Section 16 is further distinguished from Section 4 because the right to sue under Section 16 extends to "threatened as well as actual injuries and is not limited to injuries to a party's business or property." Optivision, Inc. v. Syracuse Shopping Center Assoc., 472 F. Supp. 665 (N.D.N.Y. 1978). The Supreme Court has recognized that a plaintiff seeking relief under Section 16 need not show actual injury caused by defendant's anticompetitive conduct; he need only demonstrate significant threat of injury from impending violation of the antitrust laws or from a contemporary violation that is likely to continue or recur. Zenith Radio Corp. v. Hazeltine Research, Inc., 395 U.S. 100, 129-31, 89 S. Ct. 1562, 1579-80, 23 L. Ed. 2d 129 (1969), rev'd on other grounds, 401 U.S. 321, 91 S. Ct. 795, 28 L. Ed. 2d 77, reh'g denied, 401 U.S. 1015, 91 S. Ct. 1247, 28 L. Ed. 2d 552 (1971). In summary, to achieve standing under Section 16, the petitioner must demonstrate that he is threatened with loss or injury proximately resulting from the antitrust violation, Mid-West Paper Products Co. v. Continental Group, 596 F.2d 573, 591-92 n. 74, citing, Jeffrey v. Southwestern Bell, 518 F.2d 1129 (5th Cir. 1975).

With this distinction in mind but before it reviews the parties' arguments, the Court will set forth Chrysler's allegations. Chrysler alleges that GM has captured about 70% of the market for large automobiles, 27% of the market for small automobiles and 15% of the market for subcompact automobiles. (Complaint, ¶ 30.) It further alleges that GM and Toyota are the price leaders in the relevant markets for domestic and foreign automobile manufacturers, respectively. (Id. at ¶ 32.) Chrysler defines the market affected as the manufacture, assembly, and sale of automobiles, including subcompacts and small and large automobiles and the geographic market as the United States. (Complaint, ¶ 24.) Chrysler alleges that subcompact automobiles *1189 play a major role in the marketing of all automobiles sold by major manufacturers because they serve as the starting point for the industry's price structure, as manufacturers establish prices for automobiles largely by maintaining certain differentials between the successive sizes of automobiles. (Id. at ¶ 28(a)) Furthermore, Chrysler alleges that subcompacts are crucial in determining the manufacturer's ability to attract customers to its dealer showrooms (id. at ¶ 28(b)), are important in shaping long-term consumer attitudes toward a manufacturer and developing basic consumer loyalties (id. at ¶ 28(c)) and their manufacture is essential to meeting the federal government's corporate average fuel economy standards. (¶ 28(d).)
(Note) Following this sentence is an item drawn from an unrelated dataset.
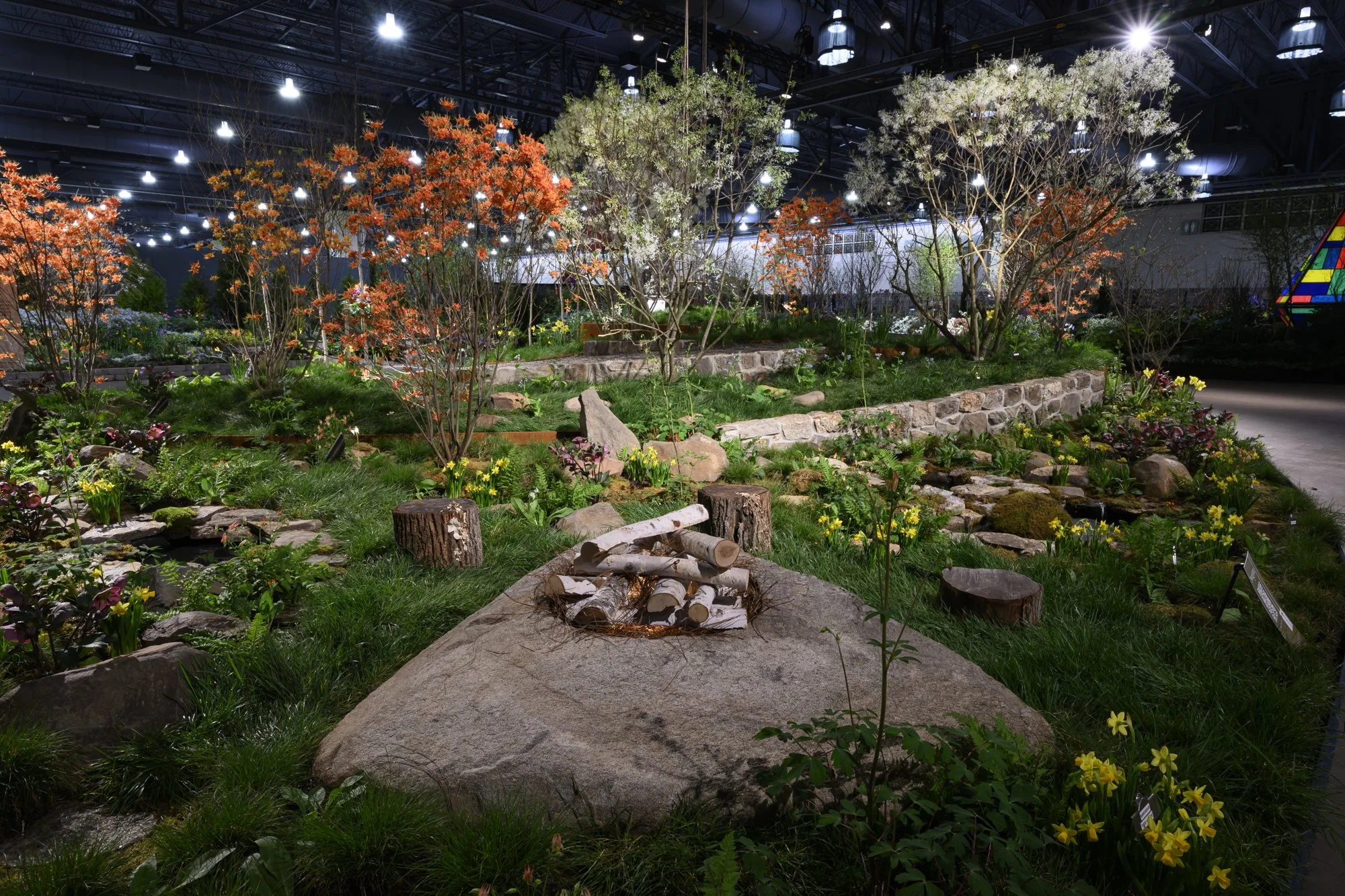 Indoor garden with various plants, trees, and flowers illuminated by bright ceiling lights. Rocks and logs are used as decoration, and a stone path winds through the garden.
Chrysler asserts that the joint venture will lessen actual and potential competition and tend to create a monopoly in violation of Section 7 of the Clayton Act. In particular, it alleges in paragraph 35[4] that:

(a) The proposed joint venture between GM and Toyota will destroy existing competition in the design and manufacture of subcompact automobiles. Chrysler maintains that were it not for the joint venture, GM would have to market its own existing subcompact or independently design and manufacture a subcompact model to replace it; furthermore the product to be marketed is based on one of Toyota's existing models;
(b) The joint venture will adversely affect price competition between GM and Toyota. Since the price of the new car in part will be determined by the price of other GM and Toyota subcompacts, GM and Toyota will have a strong incentive to adjust pricing of all of their products to maximize their combined profit not only on the joint venture car but on other cars as well. As this will decrease the extent to which they are pitted against one another in the market place, it affronts the "robust competition that the antitrust laws are designed to foster."
(c) The joint venture will reduce price competition between GM and Toyota on one hand and other automobile manufacturers on the other. Since the price of the joint venture vehicle will be formulated in part from the price of subcompact automobiles of other manufacturers, GM and Toyota will have an incentive to use their combined resources to discipline any competitor who elects to compete vigorously on price and "thereby, through the workings of the formula, reduce the price of the Sprinter."
(d) The proposed joint venture between GM and Toyota will provide a substantial disincentive for Toyota to begin independent manufacturing operations in the United States. Due to the voluntary import limitations, Toyota would, in the absence of the joint venture, be required to begin American manufacture of its products. Since the joint venture accomplishes this for it, Toyota has no incentive to do this on its own.
(e) Until now, each of the American based automobile manufacturers has manufactured its own line of subcompact cars in the United States, with only limited reliance on imports. The joint venture will be repeated by other U.S. manufacturers, "resulting in a surrender of the market to a handful of Japanese manufacturers."
(f) Permitting GM to acquire the Sprinter without making the capital investment that other American-based manufacturers are required to make to develop a subcompact automobile will not only strengthen its position in the subcompact and small automobile markets, but will also entrench its dominant position *1190 in the market for large automobiles by reinforcing the substantial market position and marketing power of the GM distribution system. GM can then concentrate on developing larger models, in which it already has almost impregnable status. Toyota will likewise not compete vigorously in the large car market since this would disrupt the scheme described in paragraph 28(a).
(g) The combination of GM and Toyota, the largest domestic and import automobile manufacturers, is likely to foster mergers, acquisitions, or joint venture relationships involving other major automobile companies, the cumulative effect of which will be a further lessening of competition.
(h) In the course of planning and carrying out the joint venture, GM and Toyota have shared and will continue to share information about their pricing, marketing and product development. GM is to receive advance notice of design changes in the Toyota Corolla, has already received such information about improvements in it other 1983 and 1984 models, and will exchange information about other manufacturers' products. "By sharing such information, GM and Toyota will be able jointly to plan and time their product development, marketing pricing and advertising programs so as to minimize the extent to which they compete head-to-head with each other, thereby redirecting their efforts at other manufacturers such as Chrysler.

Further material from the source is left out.